Auditory and cross-modal adaptation. (a) Adaptation magnitude after adapting to auditory adaptors and testing with auditory stimuli (black symbols) and visual stimuli (red symbols). (b) Adaptation magnitude after adapting to visual adaptors and testing with auditory stimuli (red symbols) and visual stimuli (black symbols). (c) Bar graphs summarizing individual AIs (symbols) and pooled data (bars) for all conditions. vis, visual; aud, auditory.

Figure 2.

Figure 2.

Forced-choice measurement of adaptation to sequential stimuli. (a) Psychophysical functions for two example subjects, after adaptation to 2 Hz (green), 8 Hz (purple) or no adaptation (black). The curves plot proportion of trials when the test (falling on the adapted position) was seen as more numerous than the neutral probe, as a function of difference in normalized numerosity (normalized by the sum of test and probe numerosity). Adaptation to 2 Hz shifts the curve leftwards as subjects were biased to perceive the test stimulus as more numerous that it was, and adaptation to 8 Hz shifts the psychometric function rightwards. The point where the best-fitting curves pass 50% is considered the point of subjective equality (indicated by the coloured arrows). (b) Adaptation effect from the forced-choice comparison (difference in point of subjective equality of the 2 and 8 Hz conditions) plotted as a function of adaptation effect calculated from the naming experiment. All points are significantly different from 0, in both measures (p < 0.05, bootstrap signed test). The red line shows the best-fitting zero-anchored linear regression: its slope of 0.52 suggests that the adaptation estimates from forced choice were on average one-half of those from the naming experiment. The dashed lines indicate 95% confidence interval, and the arrows near the axes the group averages.

3. Results

We first show that the apparent numerosity of serially presented stimuli is susceptible to adaptation. Observers adapted to pseudo-random sequences of briefly flashed visual stimuli presented to the left visual field (12° eccentricity), for an initial period of 40 s, followed by periods of 6 s re-exposure before each trial. On separate sessions, the adaptors were presented on average at 2 or 8 flashes s−1. Subjects then judged the apparent numerosity of test flashes presented to the same spatial region, randomly distributed over a 2 s window (see electronic supplementary material, movies S1 and S2).

Figure 1a plots mean estimates of numerosity (averaged over all subjects) as a function of physical number of pulses. The average estimates with no adaptation (red symbols) were quite veridical. The data were well fitted by linear regression anchored at zero (R2 = 0.99), with best-fitting slope of 0.99. Adaptation to 8 flashes s−1 systematically decreased apparent numerosity by 16% at all tested numerosities (slope of linear regression 0.83), and adaption to 2 flashes s−1 increased it by 24% (slope of regression 1.23, compared with 0.99 baseline).
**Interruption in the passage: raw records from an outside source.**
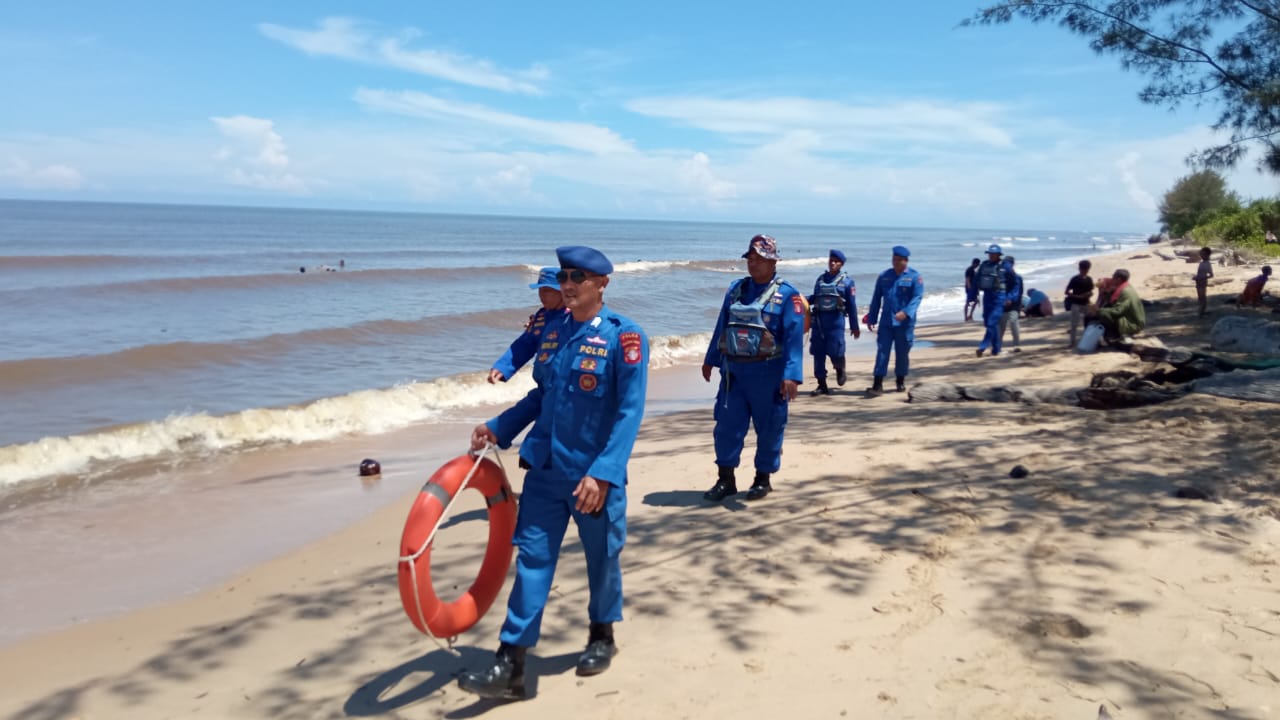 Hari Raya Lebaran, Ditpolairud Turunkan Tim Pengamanan Bersiaga di Pantai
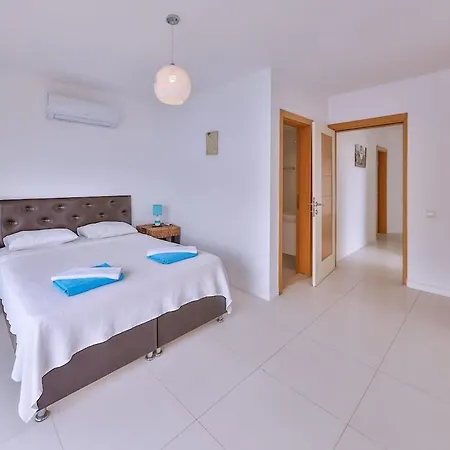 June With Spectacular Views, 50 Mt To The Sea * Kaş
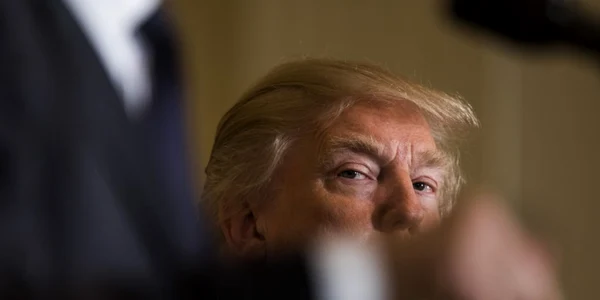Preşedintele american Donald J Trump îl ascultă pe secretarul general al NATO Jens Stoltenberg în timpul unei conferinţe de presă în Sala de Est a Casei Albe din Washington DC Statele Unite ale Americii EPA / Jim Lo Scalzo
As the zero-anchored linear regressions all captured more than 98% of the variance in all conditions, it seems that adaptation affected all numerosities by the same proportion.

In order to obtain an index of adaptation, we subtracted the perceived numerosity after adaptation to 2 Hz from that after adaptation to 8 Hz and plotted this difference as a function of physical numerosity (blue symbols of figure 1b). This curve is again well fitted by linear regression (R2 = 0.98) and has a slope of 0.40. We take the slope of this difference curve (multiplied by 100) as the adaptation index (AI), an estimate of the magnitude of adaptation.

If adaptation occurs at a perceptual rather than cognitive level (for example, through ‘internal counting’), it should be spatially specific. To test this prediction, we adapted subjects to 2 and 8 flash s−1 sequences positioned 12° left of fixation and tested stimuli either in the same or opposite (12° right of fixation: see inset) position, randomly interleaved within sessions. The results are shown in the difference curves (difference in perceived numerosity after adaptation to 2 or 8 Hz) of figure 1b, separately for the matched (red symbols) and unmatched conditions (black symbols). Adaptation occurred only when test and adaptor positions were matched: the AI in that condition was 0.44 (p(AI=0) < 0.0001), comparable with the first experiment (where the test and adaptor positions always coincided), while the unmatched condition caused almost no adaptation (AI = 0.04). Thus adaptation to sequential number is, like adaptation to simultaneous number, spatially specific.

Figure 1c shows the individual data for the matched/un-matched experiment. AIs were calculated in the same way as for group data, separately for the matched position (ordinate) and unmatched position (abscissa). All except one subject showed a clear specificity for position.

The spatial specificity of the adaptation allows us to employ other psychophysical techniques, such as two-alternative forced choice, similar to that used to demonstrate spatial adaptation. Subjects adapted to 2 or 8 flash s−1 sequences on the left, then two stimuli were presented sequentially, first a test to the left, then a probe to the right: subjects reported which appeared more numerous. Average responses of ‘left more numerous' were plotted as a function of the difference between test and probe (normalized to the sum of the two numerosities), to yield psychometric functions like those of figure 2a,b (two typical subjects). The effect of adaptation is again clear: adapting to 2 Hz shifts the curves to the left (compared with baseline), adapting to 8 Hz to the right. The differences in the points of subjective equality (given by the 50% point of the curves) of the 2 and 8 Hz conditions again gives an index of magnitude of adaptation—in this case 23% and 34% for the two subjects.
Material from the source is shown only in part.